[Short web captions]
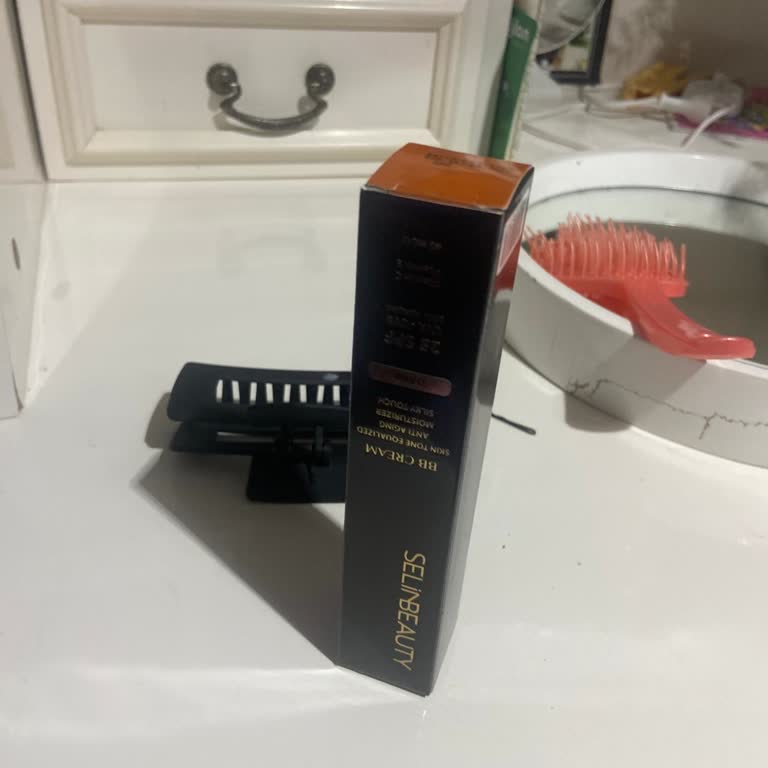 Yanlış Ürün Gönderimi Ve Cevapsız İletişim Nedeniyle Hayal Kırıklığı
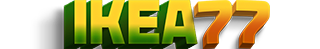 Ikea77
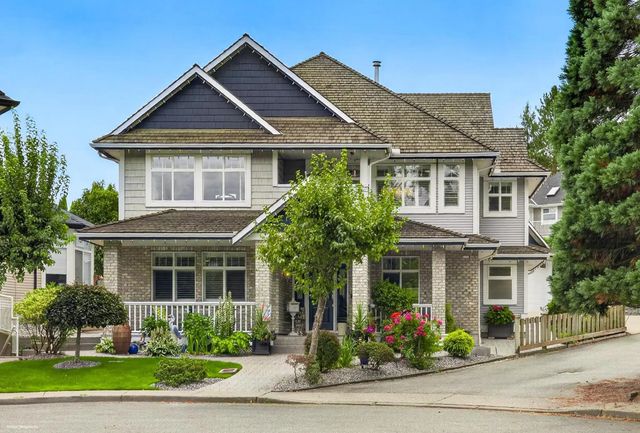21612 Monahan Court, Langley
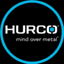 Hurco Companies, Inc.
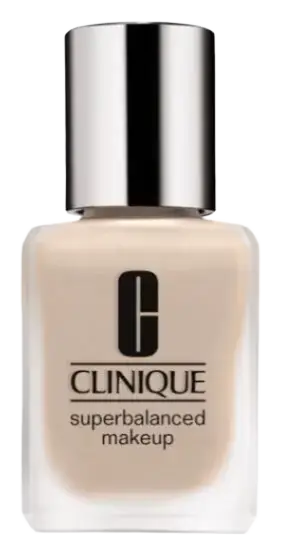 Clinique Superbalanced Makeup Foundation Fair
* * *
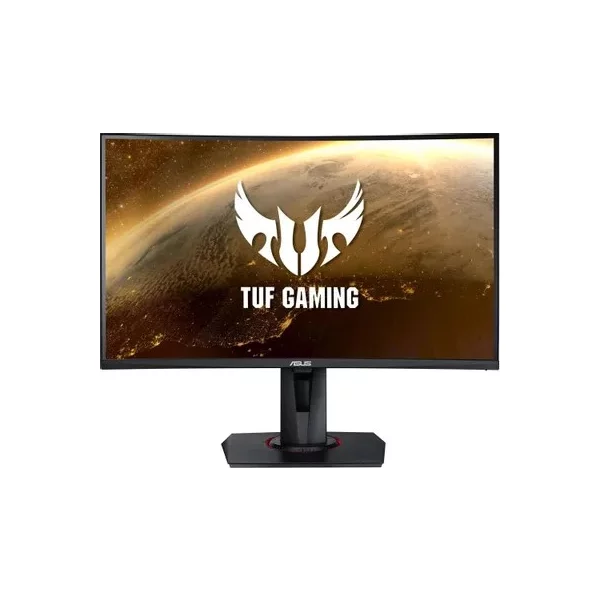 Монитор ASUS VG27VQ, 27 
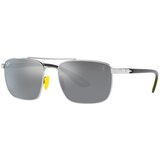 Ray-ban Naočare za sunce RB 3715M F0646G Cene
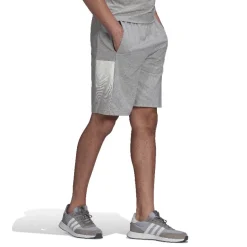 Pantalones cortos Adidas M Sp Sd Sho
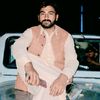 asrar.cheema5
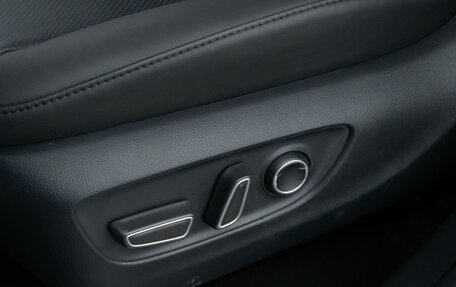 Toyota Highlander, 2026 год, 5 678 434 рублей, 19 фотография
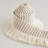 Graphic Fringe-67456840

» **WORK REQUEST**
Set down, exactly as written above, each line from the one with "Yanlış Ürün Gönderimi" through the one with "Clinique Superbalanced Makeup", and skip the pictures.

» **RESULT**
 Yanlış Ürün Gönderimi Ve Cevapsız İletişim Nedeniyle Hayal Kırıklığı
 Ikea77
21612 Monahan Court, Langley
 Hurco Companies, Inc.
 Clinique Superbalanced Makeup Foundation Fair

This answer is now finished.